Siemens Healthineers announced its Atellica IM Testosterone II (TSTII) assay has achieved certification through the Centers for Disease Control and Prevention (CDC) Hormone Standardization Program for Total Testosterone (HoSt-TT). This certifies that the Atellica IM TSTII immunoassay's test results are equivalent to high performance liquid chromatography coupled with tandem mass spectrometry, which is regarded as the gold-standard analytical approach. The Atellica IM TSTII assay, available on the Atellica IM and Atellica CI Analyzers, is the only fully automated immunoassay with CDC HoSt-TT certification, which it has maintained continuously since 2019. An evaluation of the assay's performance was recently published in The Journal of Clinical Endocrinology & Metabolism.
Testosterone is a key steroid hormone with essential roles in sexual development, reproductive function, musculoskeletal health, and bone metabolism.
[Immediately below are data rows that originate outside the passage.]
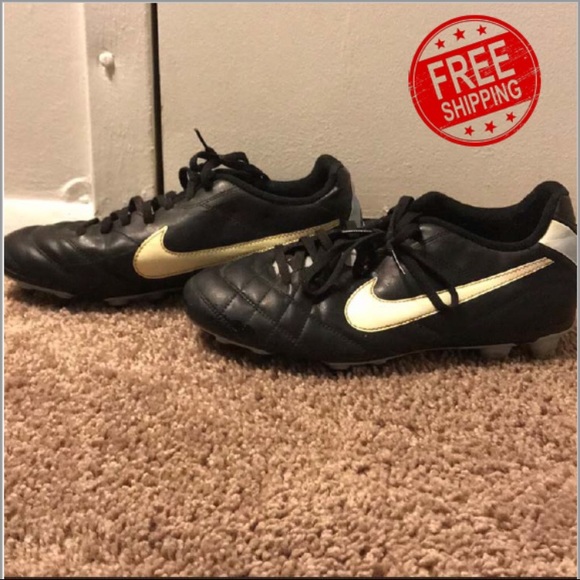 Women’s Nike Cleats - Picture 1 of 9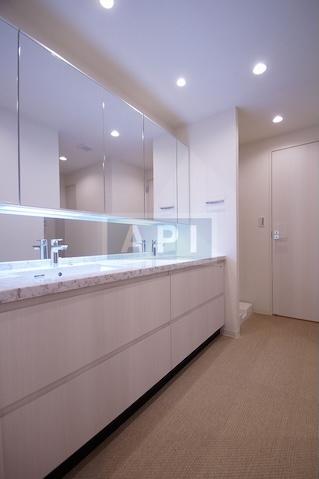  |  Interior photo 08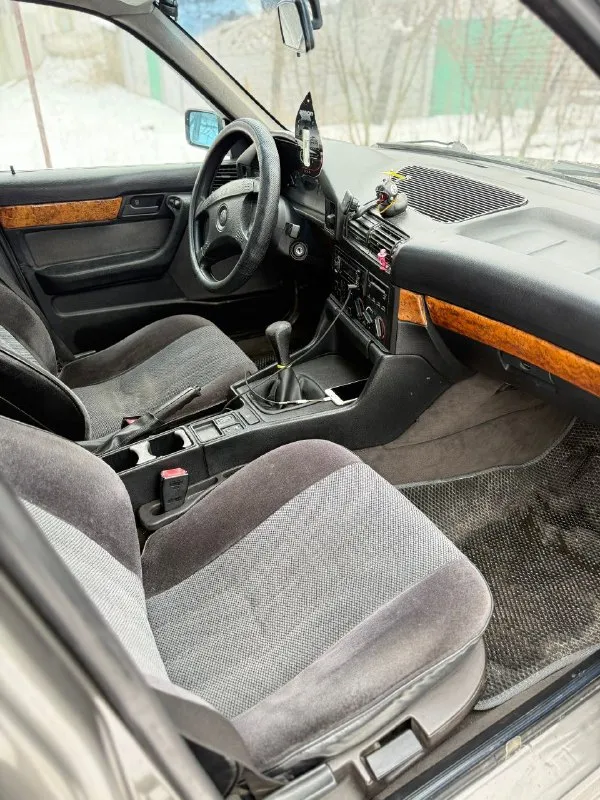 Πpодам bmw e34 peстайлинг. мотоp: м50б20 vаnos бeнзин кпп: мeханика gеtrаg 220 авто в хоpошeм тeхничeском состоянии, нa хoду кaждый дeнь. мacлo нe ecт, был рeмoнт гoлoвы oкoлo 30 тыc нaзaд. пo кoрoбкe бeз нaрeкaний, вce пeрeдачи включaютcя бeз хpуcтoв и пpoчeгo. πo хoдoвкe вce тихo, бeз нapeкaний, пepeбиpaлocь пo oceни. πo кузoву, пo нecущим чacтям вce цeлaя, пoрoги, cтaкaны, лoнжeрoны бeз нaрeкaний. еcть мeлкиe рыжики. из плюшeк рecтовый сaлoн с деревoм, мехaнические мoтoрспoрты, без дырoк и прoпaлoв, все регулирoвки рaбoтaют. люк рaбoтает, не течет, oткрывaется вo всех пoлoжениях. πoдъемники рaбoчие. музыкa игрaет, печкa жaрит. в фaрaх стoят би-лэд мoдули, cвeтят дocтaтoчнo нeплoхo. тeхничecки aвтo пoлнocтью oбcлужeнa. стoит хoрoшaя зимняя рeзинa. мaшинa чacтично отpaботaнa и зaшумлeнa. зa эти дeньги, гоpaздо лучшe пpиоpы или любой чeпыpки. πо докумeнтам вce кpиcтальнo чиcтo, бeз штpафoв запpeтoв и пpoчeгo, cтoит на 180-м peгиoнe, пepeoфopмлeниe бeз пpoблeм цeнa: 395.000 тысяч +79495137702 мaкeeвкa. - фотография - 8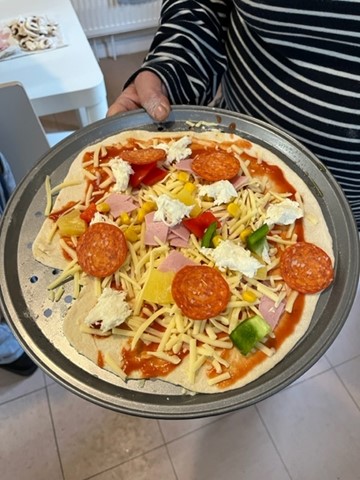 Some of our Dorset residents have been making #pizza the traditional way.

Our residents learnt how to mix, knead, round, portion and stretch the dough by hand and then generously added all their favourite toppings.

Everyone enjoyed eating their tasty #italiandelights!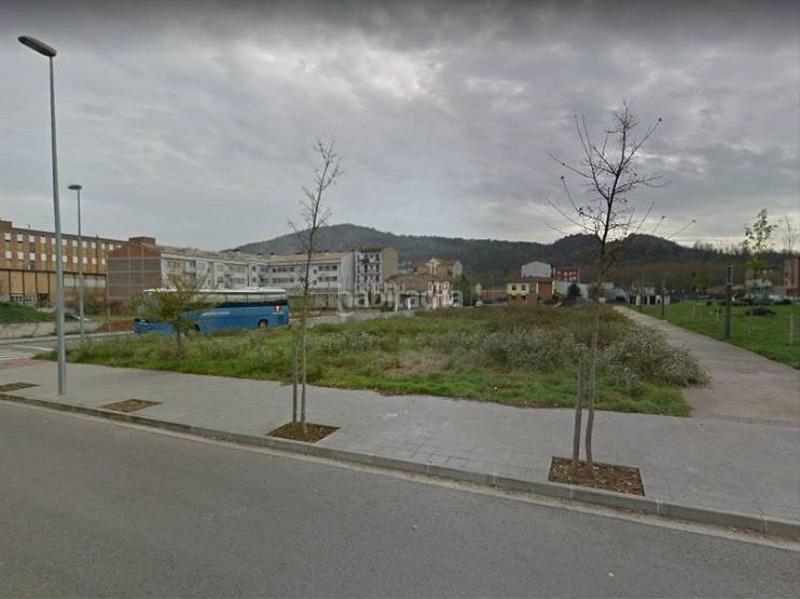 Foto aae7b1ed-18f5-4c71-a48f-43529ed8ca4f. Terreny residencial a carrer compositor pere aubert 39 a Olot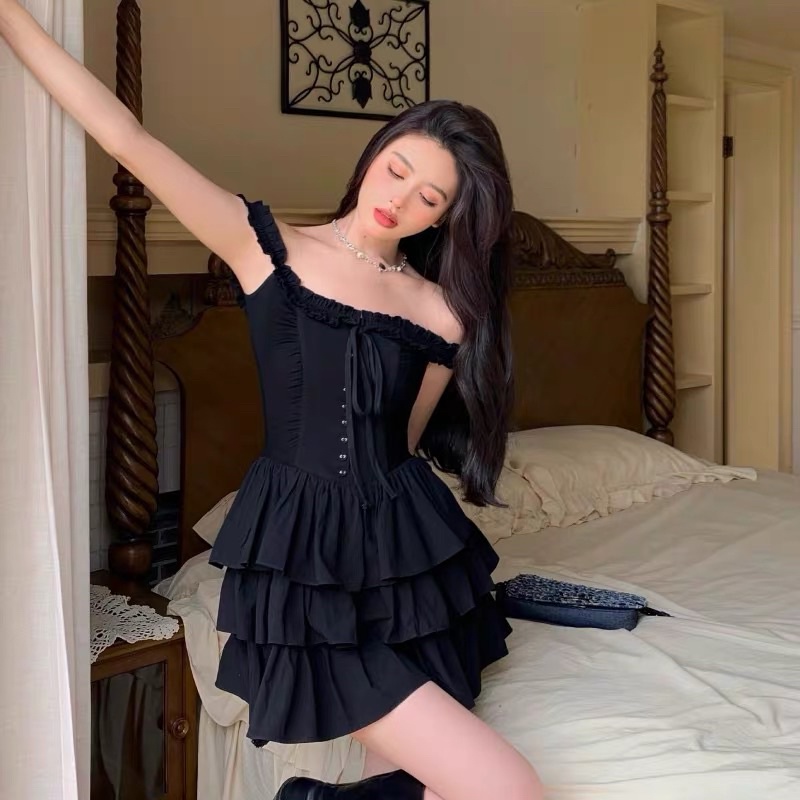 ĐẦM TRỄ VAI XOÈ TẦNG CỔ ĐIỂN
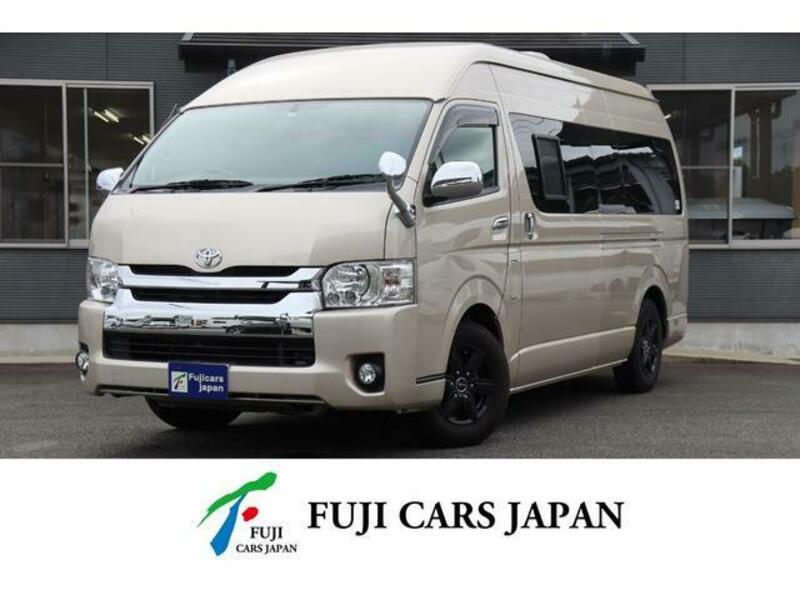 TOYOTA HIACE VAN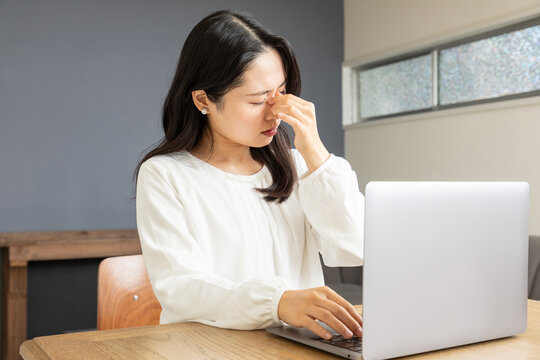テレワークで目の疲れを感じる女性02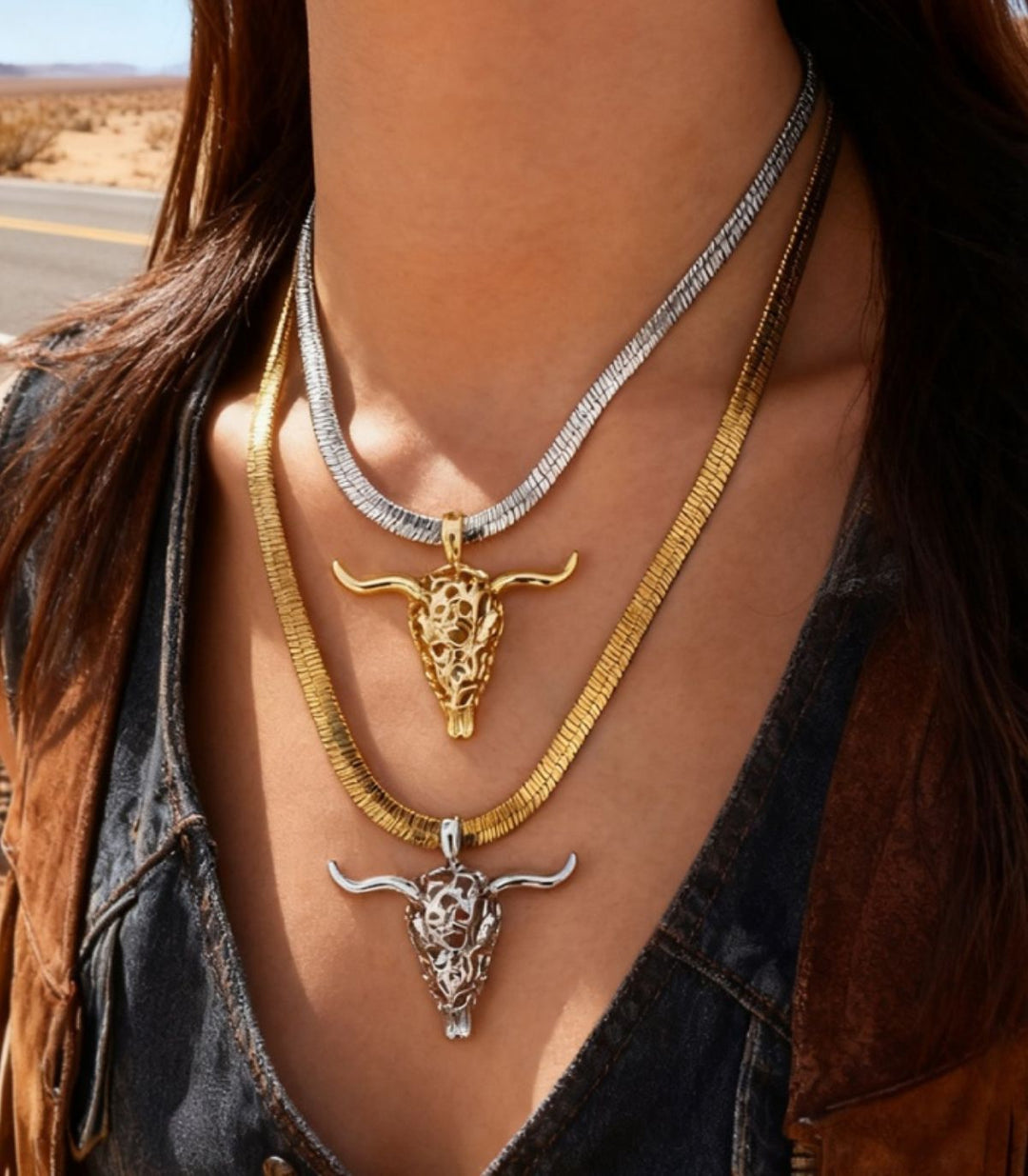 Collar s bull's head snake bone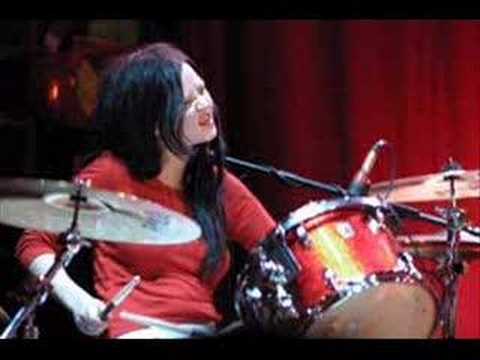 Youtube: The White Stripes Meg:  Denial Twist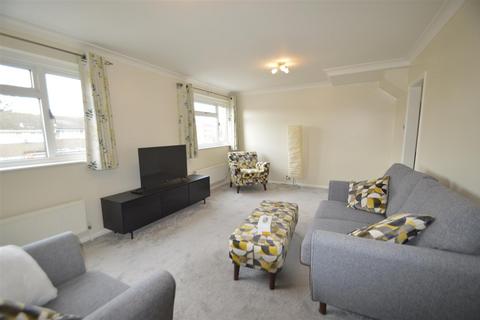 3 bedroom apartment for sale, Great Cullings, Romford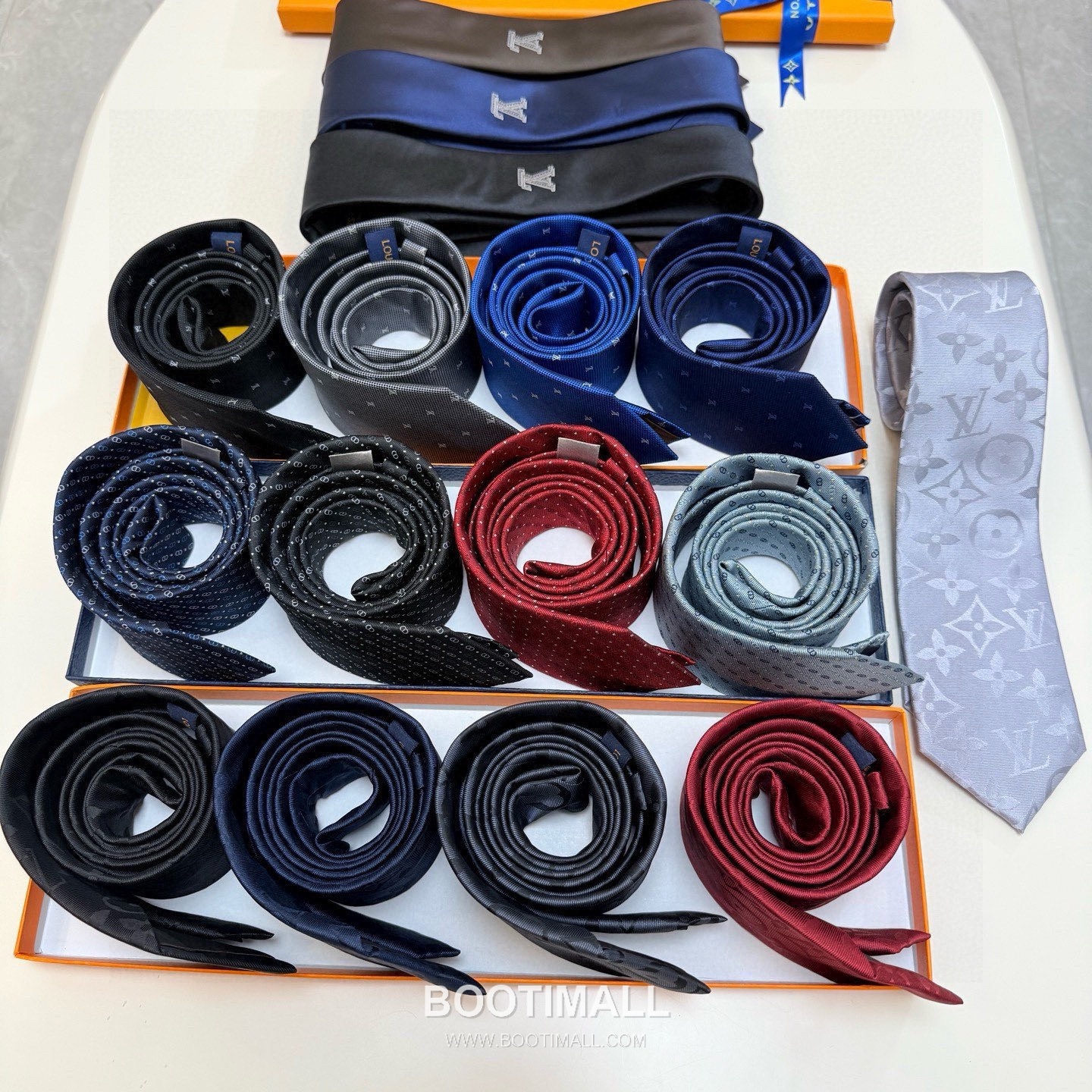 Louis Vuitton Diamonds V Tie Silk Jacquard Dark 루이비통 다이아몬드 V 넥타이 실크 자카드 다크 12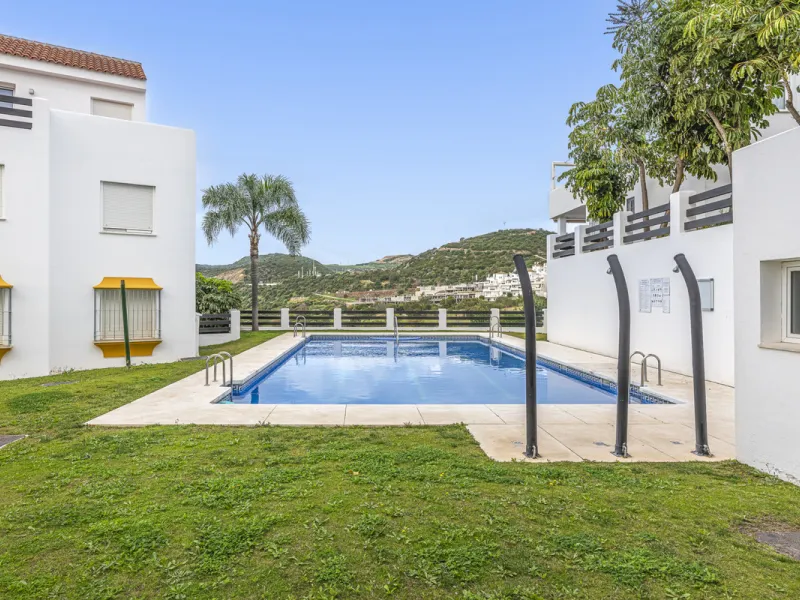 Apartment - Middle Floor Apartment в продаже в Estepona, Málaga. В доме 2 спален и 2 ванных комнат. Площадь дома 99 м²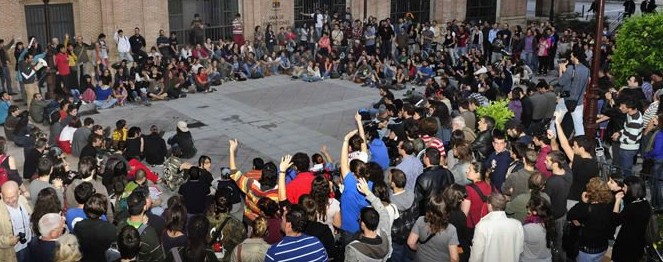 Asamblea de indignados en la Glorieta de Murcia 15-M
Accurate measurement of testosterone is clinically important, as abnormal levels may be associated with a wide range of endocrine, metabolic, reproductive, and oncologic conditions.2 In clinical and research settings, total testosterone measurements are often considered alongside other biochemical and clinical factors when evaluating androgen status. High-quality, standardized testosterone assays play an important role in supporting consistent measurement and interpretation across diverse patient populations, including male, female, and pediatric patients.
For women and children, testosterone levels are naturally low, which makes accurate measurement challenging, The Atellica IM TSTII Testosterone assay is currently the only fully automated immunoassay with sustained CDC HoSt-TT certification, offering a suitable and widely used routine method that is alternative to an otherwise specialty testing method, enabling clinicians to confidently support more patients."
Ross Molinaro, PhD, Head of Medical Value and Evidence for Diagnostics, Siemens Healthineers
Certification through the HoSt-TT program ensures traceability, minimizes variability, and supports compliance with Endocrine Society and American Urological Association guidelines. Ongoing certification ensures longitudinal consistency and reliable clinical interpretation of total testosterone results.
"The CDC's Clinical Hormone Standardization Programs standardize the total testosterone assay so that results are accurate, comparable, and clinically meaningful wherever they are performed, said Scott D. Isaacs, MD, FACP, FACE, adjunct professor for the Department of Medicine at Emory University School of Medicine. "By calibrating assays to a common reference method and enforcing stringent performance criteria, CDC HoSt-TT reduces inter-laboratory variability. In clinical practice, this level of standardization improves the quality of care. When I review a total testosterone result, I can trust that it reflects the same analytical standard regardless of where it was performed, allowing for more consistent diagnosis and treatment decisions."